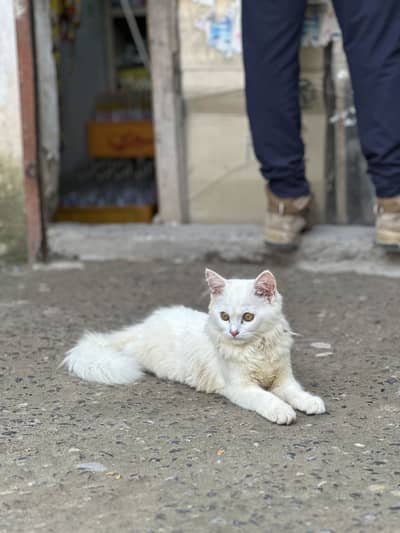 Persian cat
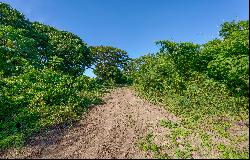 Picturesque 1.2-Acre Lot in Puerto Ferro, Vieques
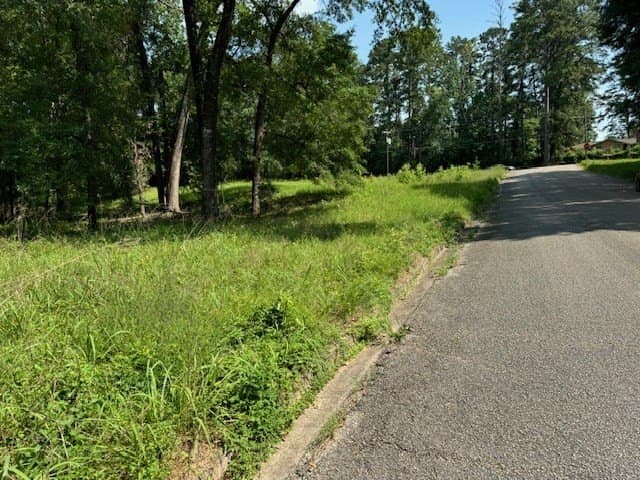 0.52 acres in Texas County gallery image 4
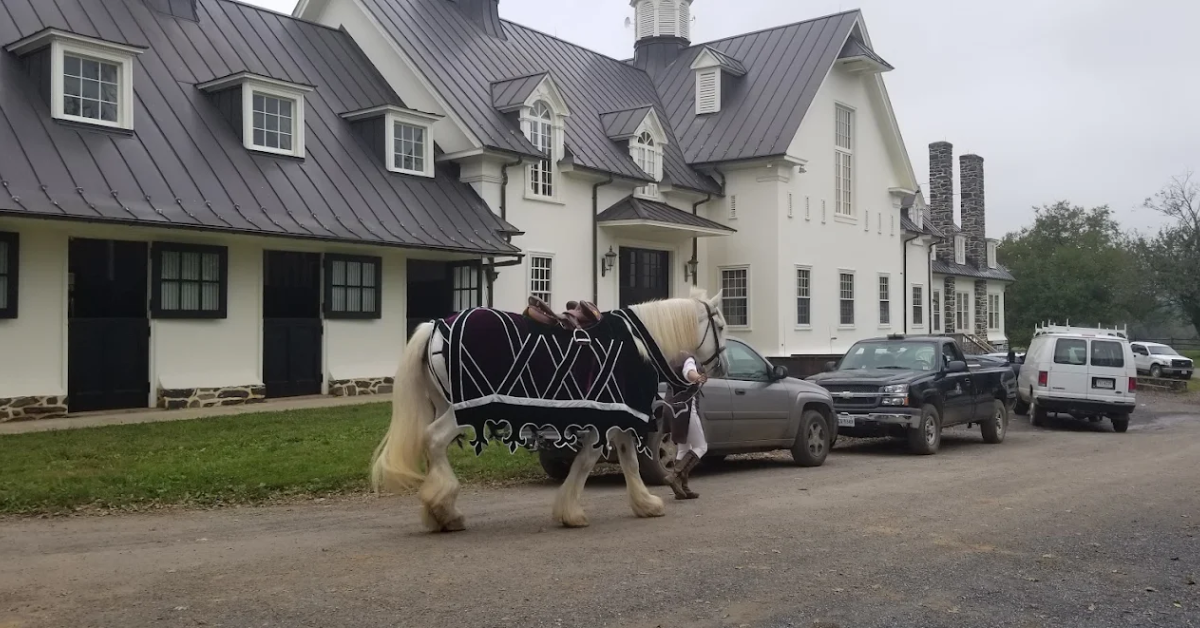 A view inside Ayeshire Farm in Virginia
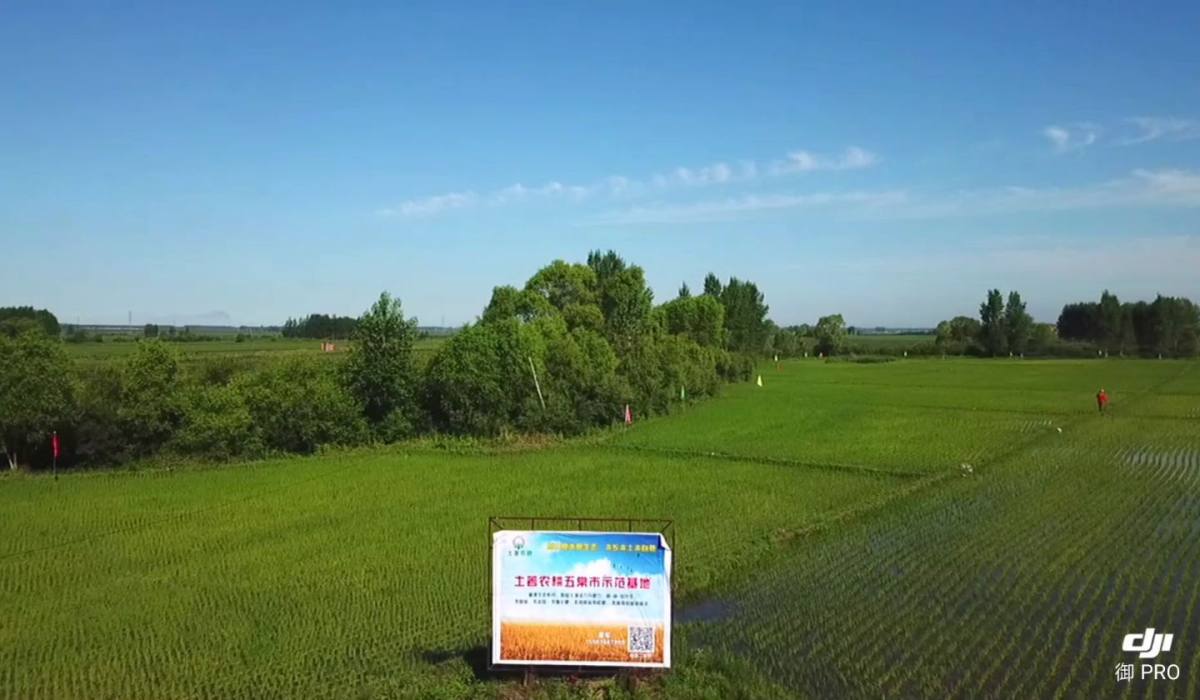 快来看看耕心园的东北五常水稻基地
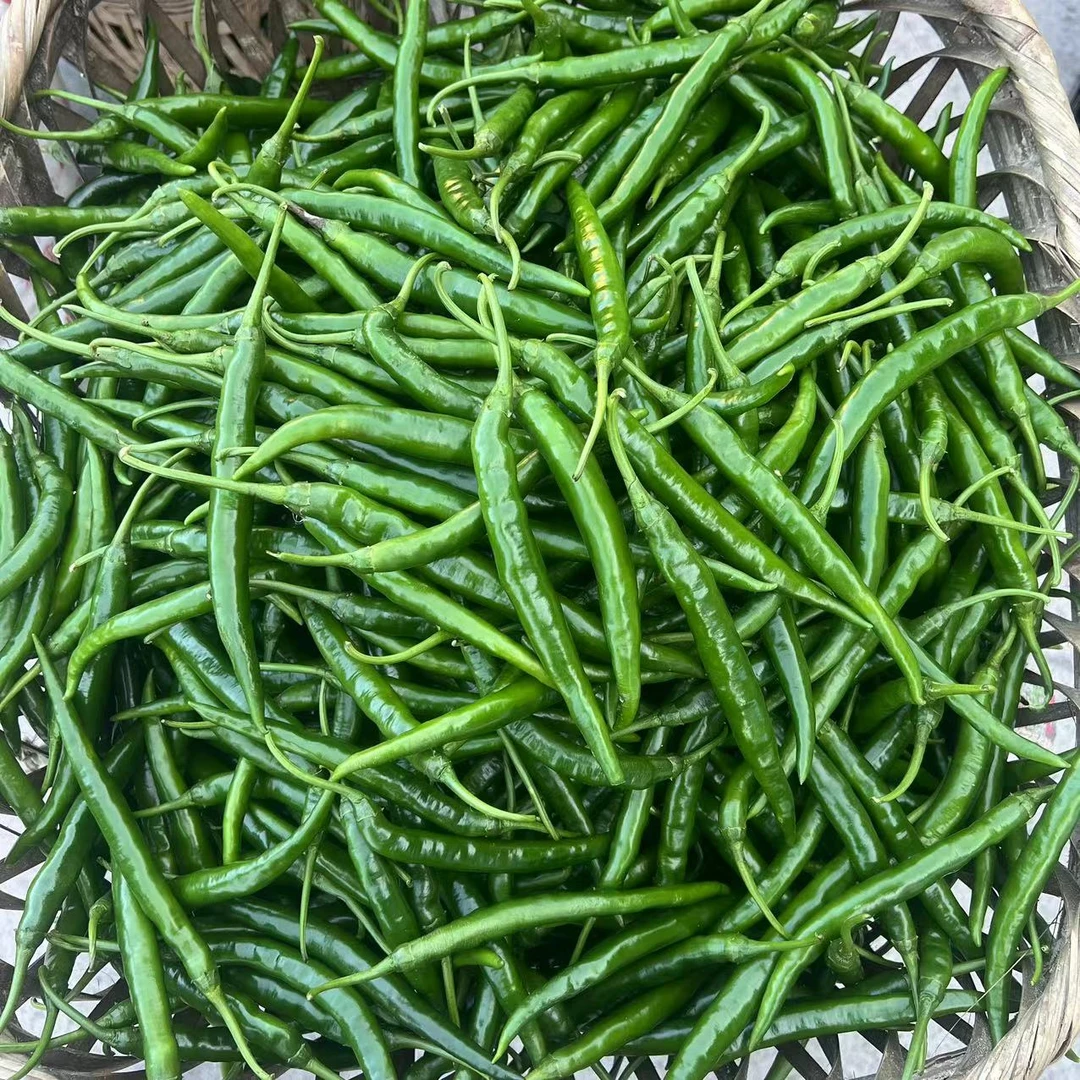 【活动】贵州青椒农村辣椒二荆条青线椒露天辣椒当季蔬菜新鲜现摘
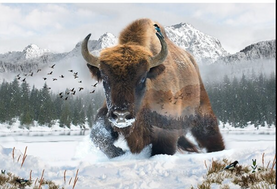 Last one Hoffman Bison fabric panel, 100% cotton fabric, 42 x 29 inches approx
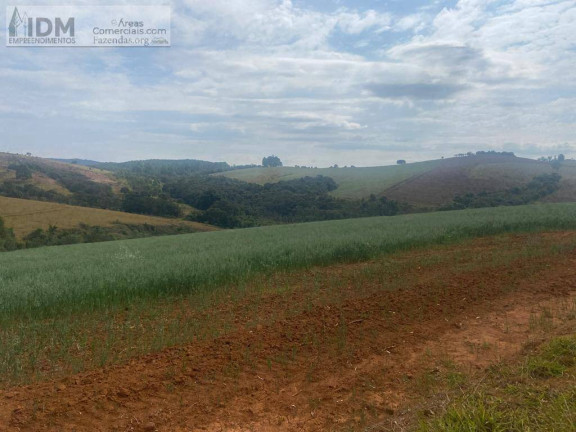 Imagem Chácara à Venda, 440.000 m² em Centro - Aiuruoca Imagem Chácara à Venda, 440.000 m² em Centro - Aiuruoca
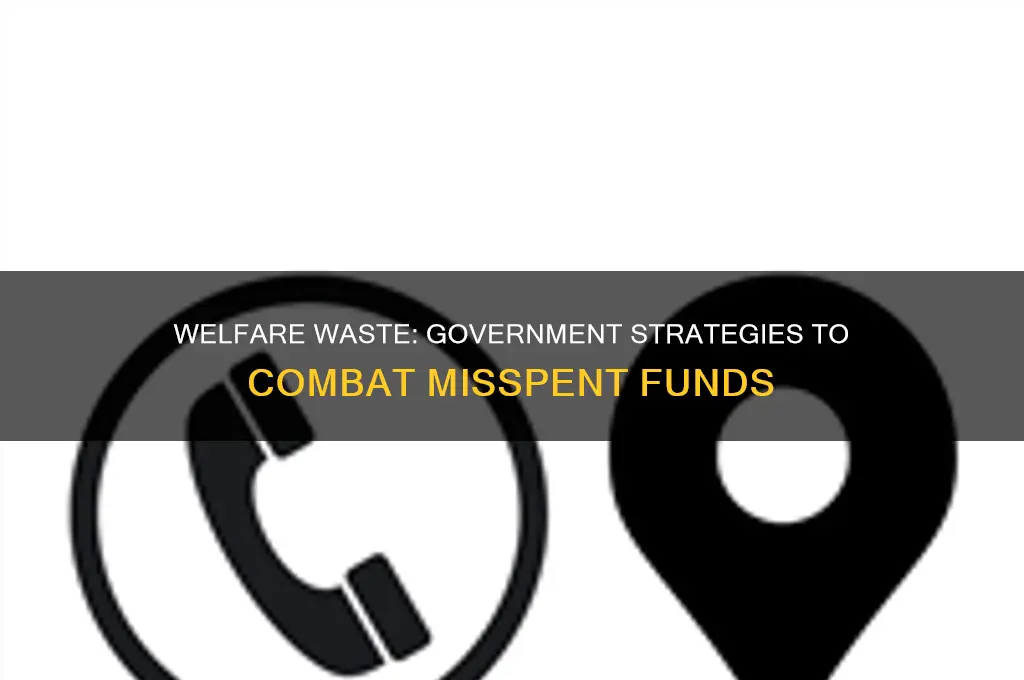 how does the government deal with wasted money on welfare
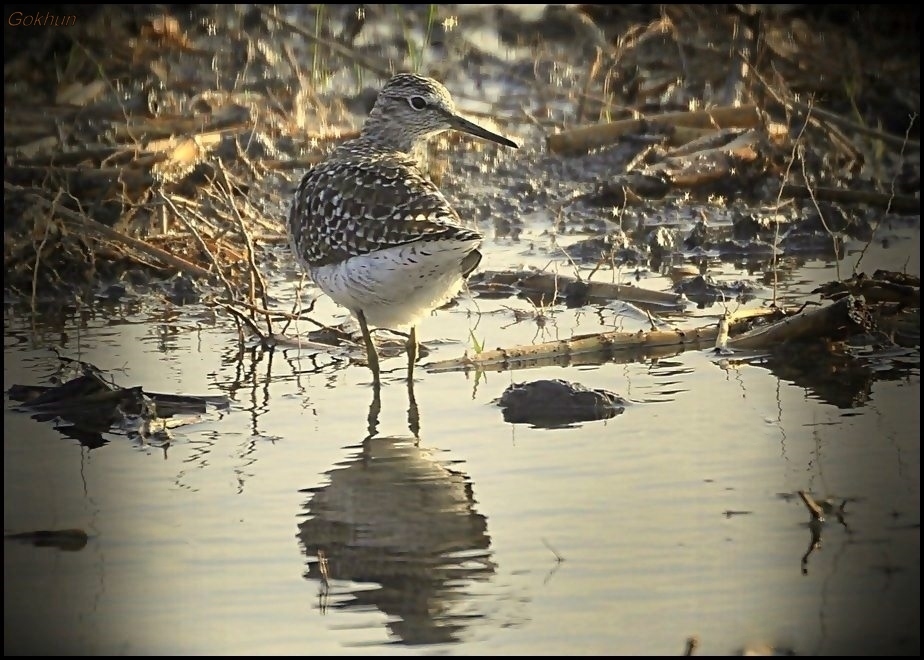 Wood Sandpiper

· · · · ·

TASK DETAILS =>
Apart from the pictures, return every entry above exactly as given.

ANSWER SECTION =>
 Persian cat
 Picturesque 1.2-Acre Lot in Puerto Ferro, Vieques
 0.52 acres in Texas County gallery image 4
 A view inside Ayeshire Farm in Virginia
 快来看看耕心园的东北五常水稻基地
 【活动】贵州青椒农村辣椒二荆条青线椒露天辣椒当季蔬菜新鲜现摘
 Last one Hoffman Bison fabric panel, 100% cotton fabric, 42 x 29 inches approx
 Imagem Chácara à Venda, 440.000 m² em Centro - Aiuruoca Imagem Chácara à Venda, 440.000 m² em Centro - Aiuruoca
 how does the government deal with wasted money on welfare
 Wood Sandpiper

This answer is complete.